▸ What you will do
Keep the pictures out while you transcribe the listing below exactly.

▸ Material provided
■ ■ ■ ■ ■ ■ ■
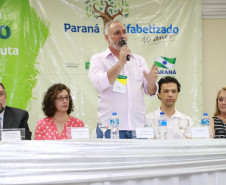 Encontro Estadual de Alfabetização e Educação de Jovens e Adultos (EJA) reúne os 399 secretários municipais de Educação do Paraná. <br />
<br />
Veja mais fotos em: <a href=" http://www.flickr.com/photos/flavioarns/sets/72157638340611965/page2/" target="_blank"> http://www.flickr.com/photos/flavioarns </a>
■ ■ ■ ■ ■ ■ ■
▸ Reply to the task
 Encontro Estadual de Alfabetização e Educação de Jovens e Adultos (EJA) reúne os 399 secretários municipais de Educação do Paraná. <br />
<br />
Veja mais fotos em: <a href=" http://www.flickr.com/photos/flavioarns/sets/72157638340611965/page2/" target="_blank"> http://www.flickr.com/photos/flavioarns </a>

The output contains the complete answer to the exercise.